Thank you all for all good advice!
Thus having a whole bottle of amidol I last night tried this formula:
Sodium sulfite 25g
Amidol 9g
Potassium bromide 0,5g
Benzotriazole 0,1g
Citric acid 0,7g
Water 1 liter
(roughly Cole Weston’s formula with some change in the anti-fog part)
I made some contact prints from a 8x10 negative on Fomatone MG 131; everything worked quite normal concerning exposure time and developing time, and the result quite nice but nothing special.
Now, I haven’t had time to make more comparisons with other papers and other developers. Perhaps no need to invent the wheel one more time, so perhaps reasonable to ask inventors still around!
1) What is the main virtue of amidol supposed to be? Edward and Cole Weston recommended and used amidol formulas; Wolfgang Moersch was recently quite happy being able to produce a stable amidol developer (Amidol plus,
http://www.moersch-photochemie.de/co...sitiv/8/amidol).
+ Is it a developer particularly interesting for plain bromide papers?
+ Giving a warm tone on many different types of paper just using bromide (no bz)?
+ Papers available today for which amidol is of some special interest?
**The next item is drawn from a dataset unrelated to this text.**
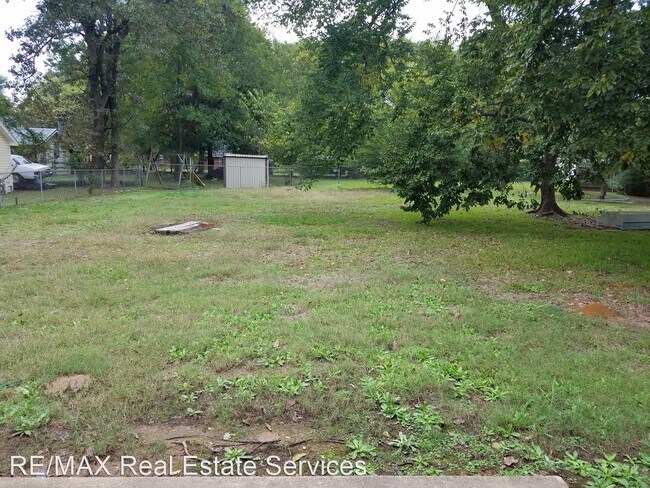 Building Photo - 3 br, 1 bath House - 6340 Westwood Road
2) The amount of amidol that I have seen in various formulas seems to vary between 6-9g for 1 liter working solution. Edward’s formula 8g; Cole’s 9g; GAF 113 6,6g; Ilford ID-22 and ID-30 6g.
+ Is the amount mainly a question how many prints it will process, or does it make some change to the prints?
-- I used Cole’s 9g and I think (just a feeling) that I got a quite hard working developer, at least not soft working.